■ DATA FOR THIS TASK:

+++

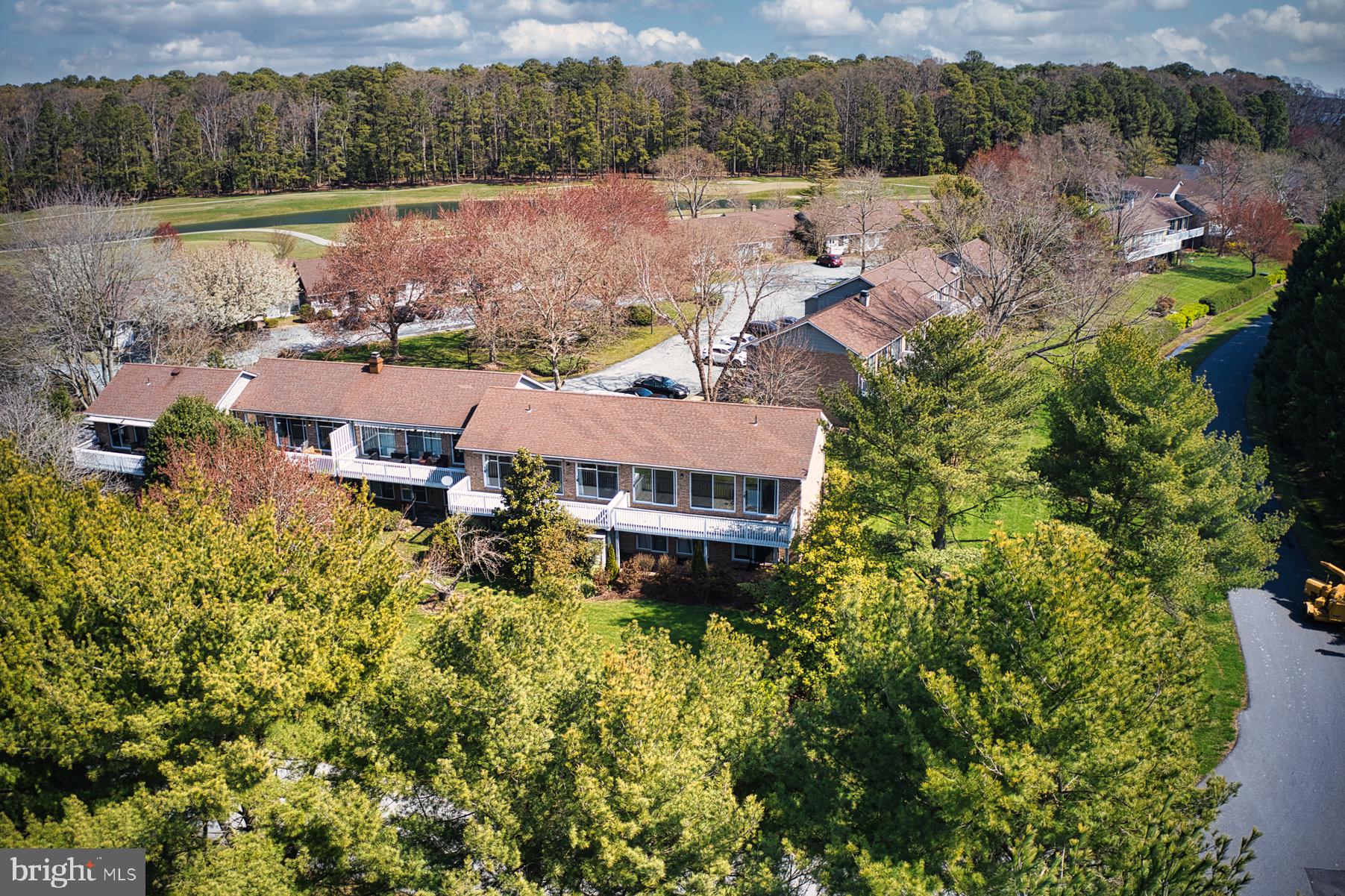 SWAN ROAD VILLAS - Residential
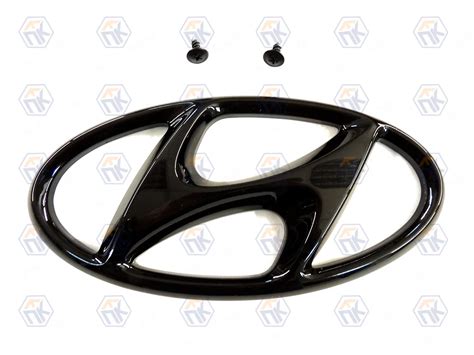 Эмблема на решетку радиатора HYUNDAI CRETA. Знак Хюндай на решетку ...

+++

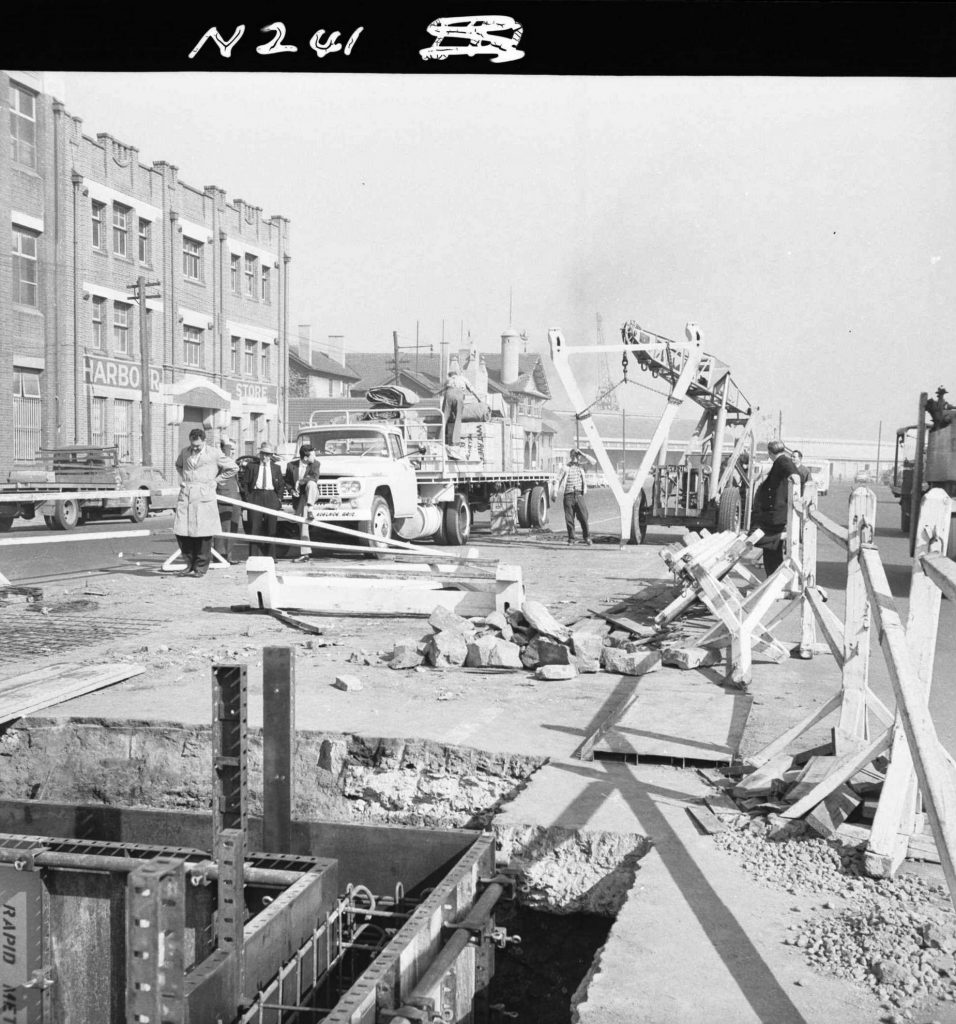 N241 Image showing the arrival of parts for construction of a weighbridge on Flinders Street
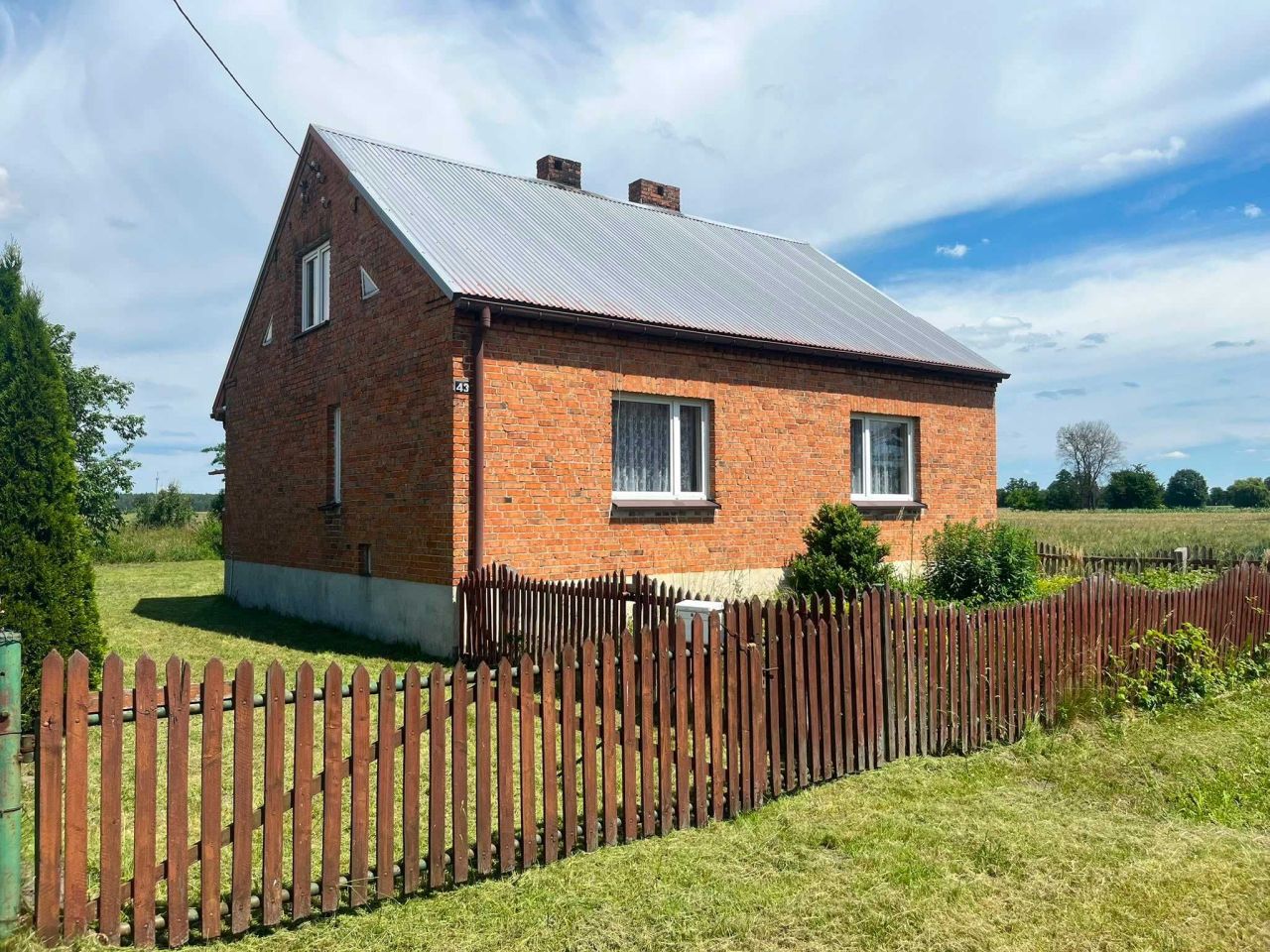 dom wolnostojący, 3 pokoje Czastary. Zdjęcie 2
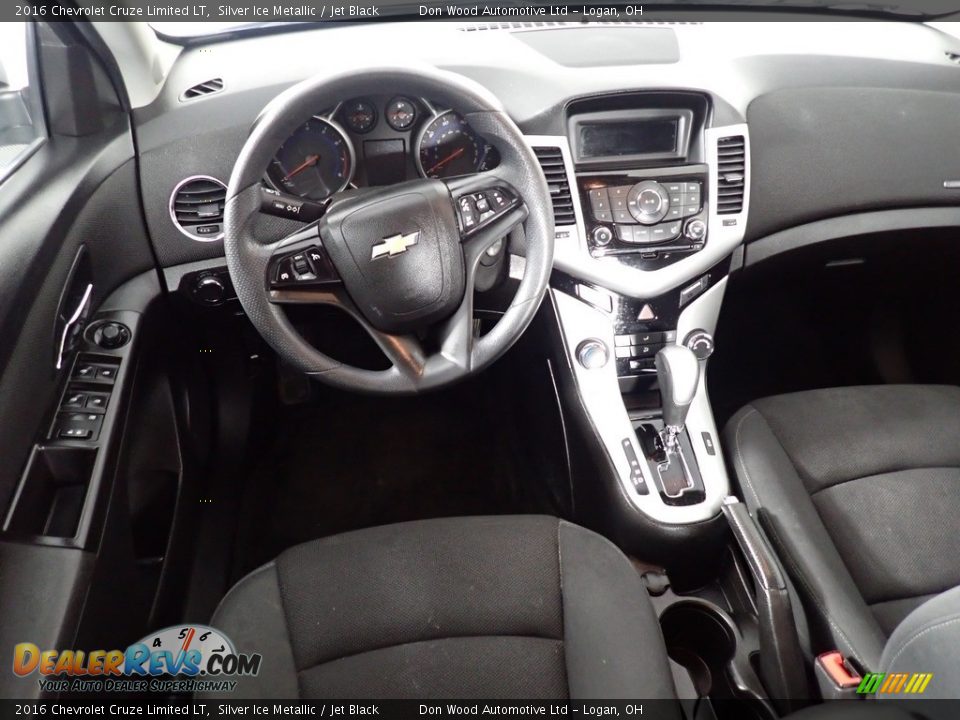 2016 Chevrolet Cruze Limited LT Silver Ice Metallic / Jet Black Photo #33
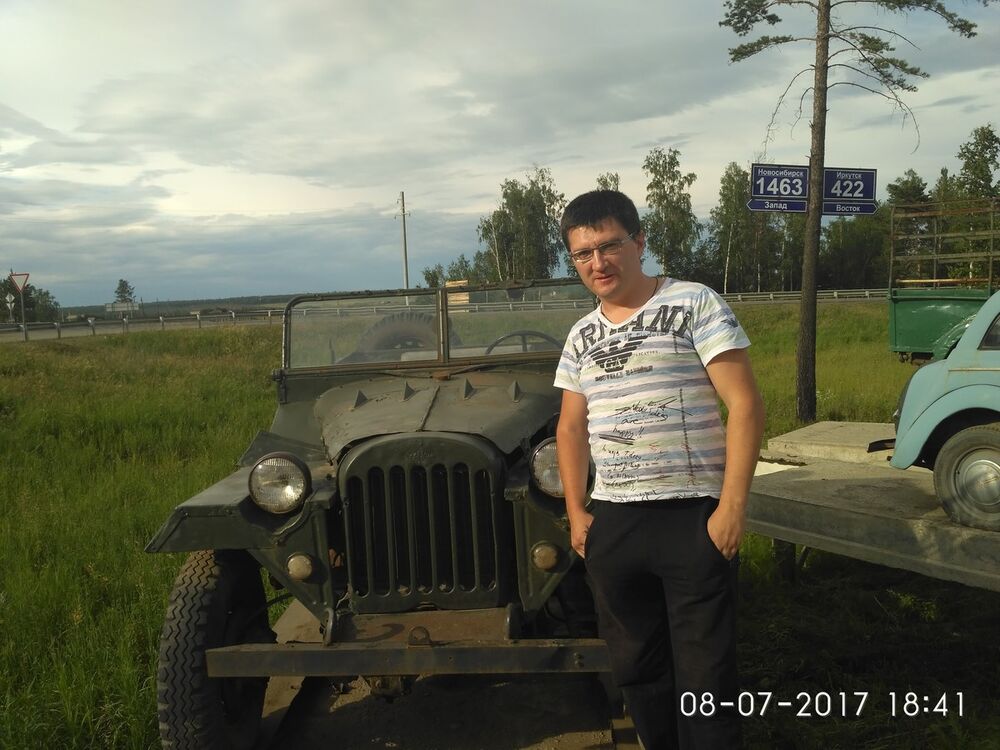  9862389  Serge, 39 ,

+++

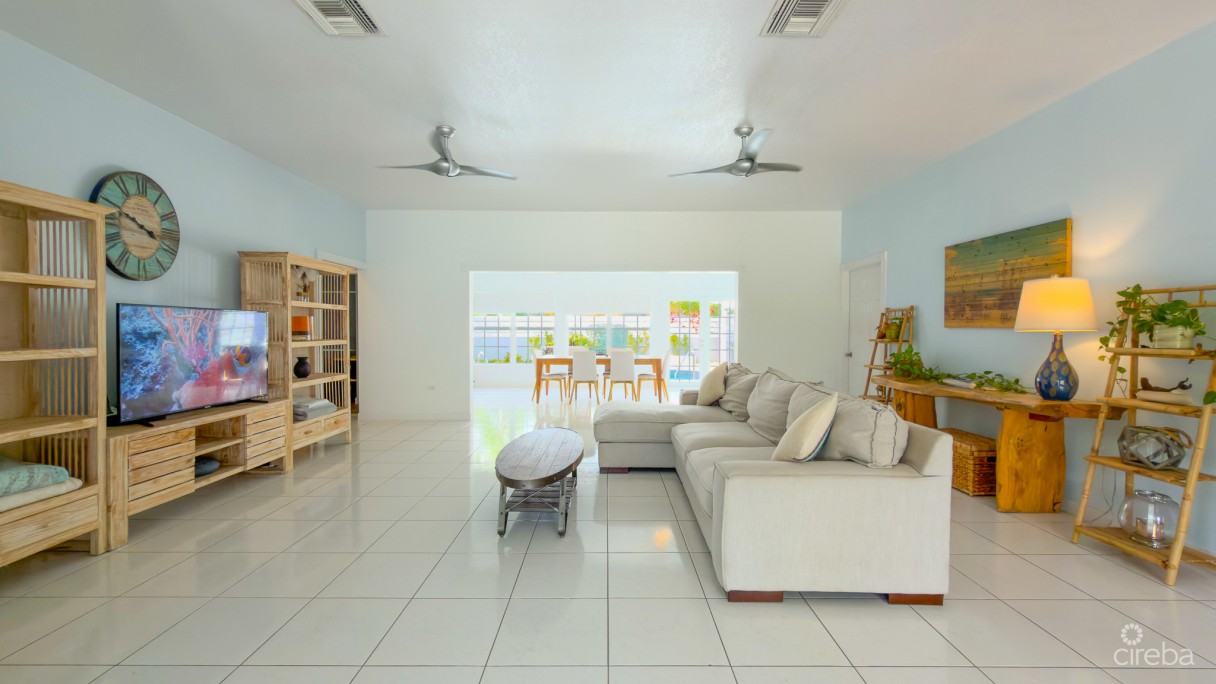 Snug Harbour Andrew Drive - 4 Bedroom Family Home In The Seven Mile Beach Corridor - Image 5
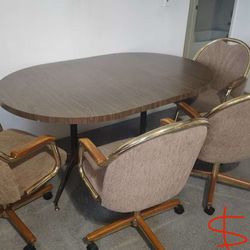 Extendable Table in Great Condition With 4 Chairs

+++

■ EXERCISE INSTRUCTIONS: Transcribe only this stretch of the data: the line with "SWAN ROAD VILLAS - Residential", the line with "Эмблема на решетку", and every line in between. Leave out the pictures.

■ RESULT:
 SWAN ROAD VILLAS - Residential
 Эмблема на решетку радиатора HYUNDAI CRETA. Знак Хюндай на решетку ...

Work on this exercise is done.